Task to complete:
Would you return each entry exactly as written, omitting any pictures?
══ Dataset ══
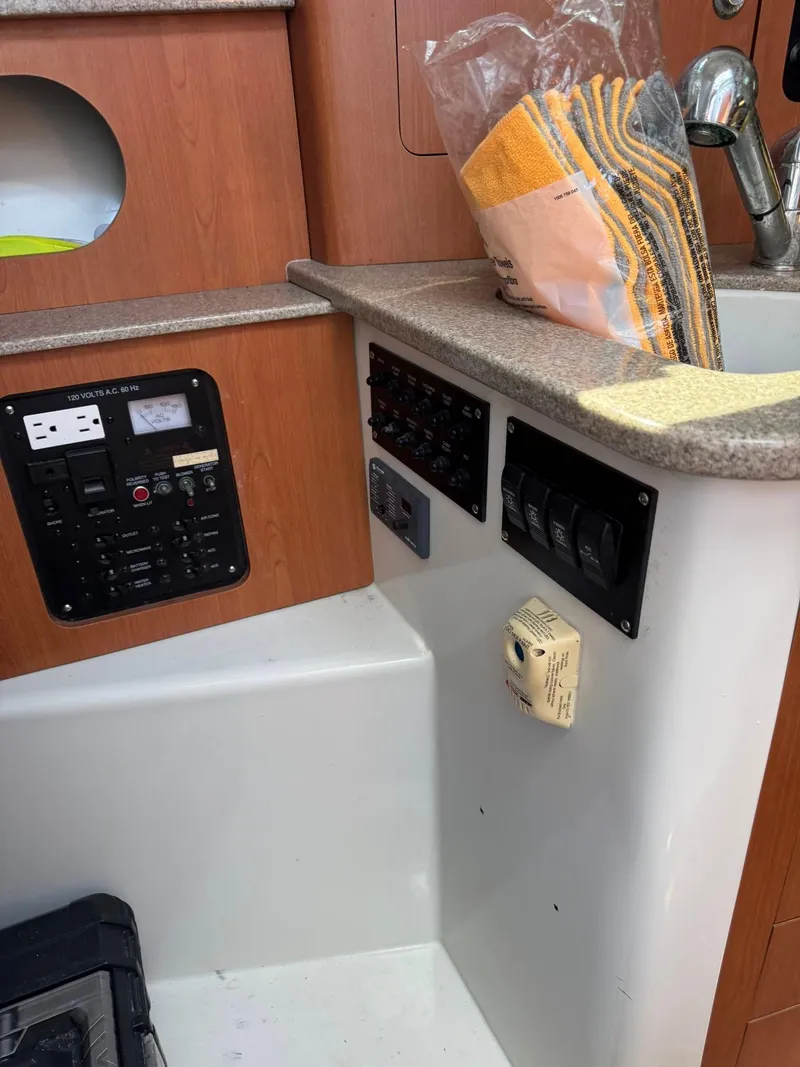 Slide: The Image of Control panel and sink area on a 2008 Sailfish 30-06 Express boat. - 13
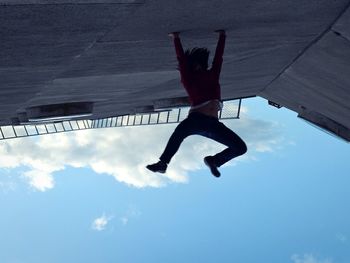 Low angle view of woman jumping against sky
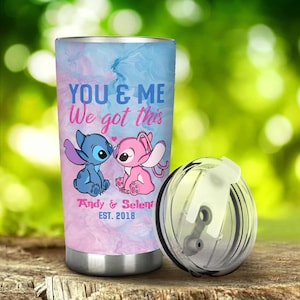 K&ouml;nnte beinhalten: Ein Edelstahlbecher mit Deckel. Der Becher hat ein blaues und rosa Marmormuster mit dem Text "YOU & ME We got this". Er hat auch Zeichentrickfiguren und die Namen "Andy & Selena" mit dem Jahr "EST. 2018".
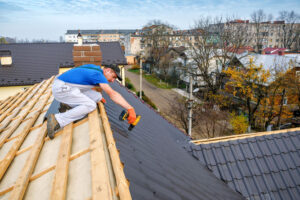 roofing blue ox man working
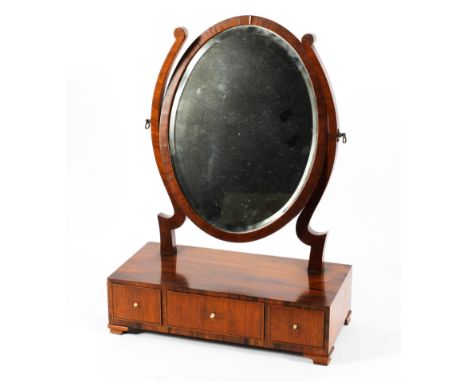 A Victorian rosewood dressing table mirror, the oval swing mirror above a rectangular base with three drawers, on bracket fee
═══
Output of the exercise:
 Slide: The Image of Control panel and sink area on a 2008 Sailfish 30-06 Express boat. - 13
 Low angle view of woman jumping against sky
 K&ouml;nnte beinhalten: Ein Edelstahlbecher mit Deckel. Der Becher hat ein blaues und rosa Marmormuster mit dem Text "YOU & ME We got this". Er hat auch Zeichentrickfiguren und die Namen "Andy & Selena" mit dem Jahr "EST. 2018".
 roofing blue ox man working
 A Victorian rosewood dressing table mirror, the oval swing mirror above a rectangular base with three drawers, on bracket fee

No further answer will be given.